WASHINGTON - U.S. employers added just 88,000 jobs in March, the fewest in nine months and a sharp retreat after a period of strong hiring. The slowdown may signal that the economy is heading into a weak spring.
The Labor Department said Friday that the unemployment rate dipped to 7.6 percent from 7.7 percent, the lowest in four years. But the rate fell last month only because more people stopped looking for work. People who are out of work are no longer counted as unemployed once they stop looking for a job.
The percentage of Americans working or looking for jobs fell to 63.3 percent in March, the lowest such figure in nearly 34 years.
Stock futures fell after the jobs report was released.
March's job gains were half the pace of the previous six months, when the economy added an average of 196,000 jobs a month. The government said hiring was even stronger in the previous two months than previously estimated.
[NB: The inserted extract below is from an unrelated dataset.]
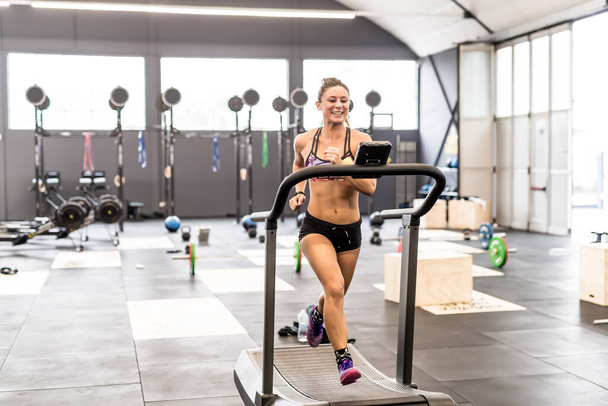 young woman training gym running treadmill smiling happy  - Photo, image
February's job gains were revised to 268,000, up from 236,000. January job growth was raised to 148,000, up from 119,000.
Several industries cut back sharply on hiring in March. Retailers cut 24,000 jobs after averaging 32,000 in the previous three months. Manufacturers cut 3,000 jobs after adding 19,000 the previous month. Financial services shed 2,000.
Economists say the decline in the work force reflects several trends: many of those out of work become discouraged and give up on their job hunts. And as the population ages, more people are retiring.
Most economists think the economy strengthened from January through March, helped by the pickup in hiring, a sustained recovery in housing and a more resilient consumer. Consumers stepped up purchases in February and January, even after Social Security taxes increased this year.
Still the higher taxes have reduced paychecks. And many economists say steep government spending cuts that began taking effect March 1 will slow growth in the spring and summer.
Mark Vitner, an economist at Wells Fargo Securities, thinks the economy expanded at a 3.2 percent annual rate in the first quarter. But he forecasts that growth will slow to a 2 percent annual pace in the current second quarter, and then rebound after the impact of the government spending cuts fades.
Economists expect the spending reductions will shave half a percentage point off economic growth this year. Many federal workers will experience pay cuts. And government contractors will likely cut jobs. That could also drag down overall monthly hiring.